I'm trying to remove McAfee from my computer, and I just can't succeed. 

History:
I do not remember how I got McAfee on the computer to begin with. I think that Gateway put it on there with a 3-month trial period when I got it new in January, 2007. When the 3 months was up, I tried reinstalling the free version that AOL offers with their service. I think even back then, I got messages about the firewall not working, but I haven't gotten any messages about the Virus Scan and Privacy Service until last week. I'm VERY concerned that I do not have Virus Protection on my computer, and I can't get protect my computer unless I can remove McAfee successfully! 

I know shortly after I got my computer, I had help setting myself up as an administrator, so that I could tranfer the data I had on my old computer (which kept freezing up way too often) to the new computer.

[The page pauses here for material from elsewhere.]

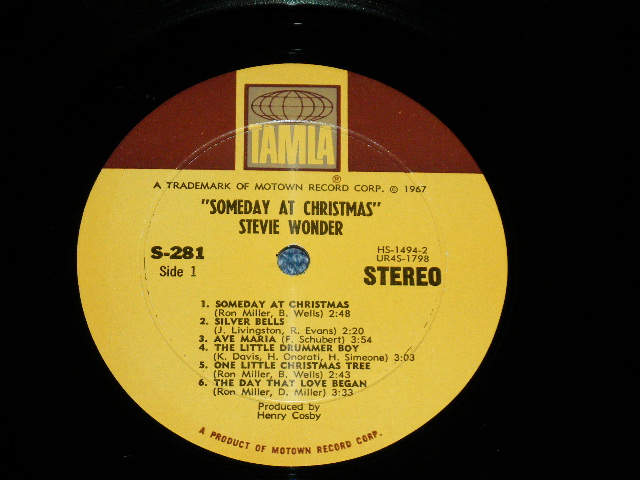 画像: STEVIE WONDER - SOMEDAY AT CHRISTMAS  ( Ex+/Ex+++,Ex+++ Looks:Ex+) / 1967 US AMERICA ORIGINAL "STEREO" Used LP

Is it possible that the administrator setup could have something to do with getting the "error obtaining permissions for Cleanup"?

What I've tried so far:
1) I've tried working with the AOL Tech Support and have spent many hours and many calls - they have me do the same things over and over and they say that they send out reports to the McAfee Engineers, but I never hear back from anyone, and they never get beyond the most obvious things to try.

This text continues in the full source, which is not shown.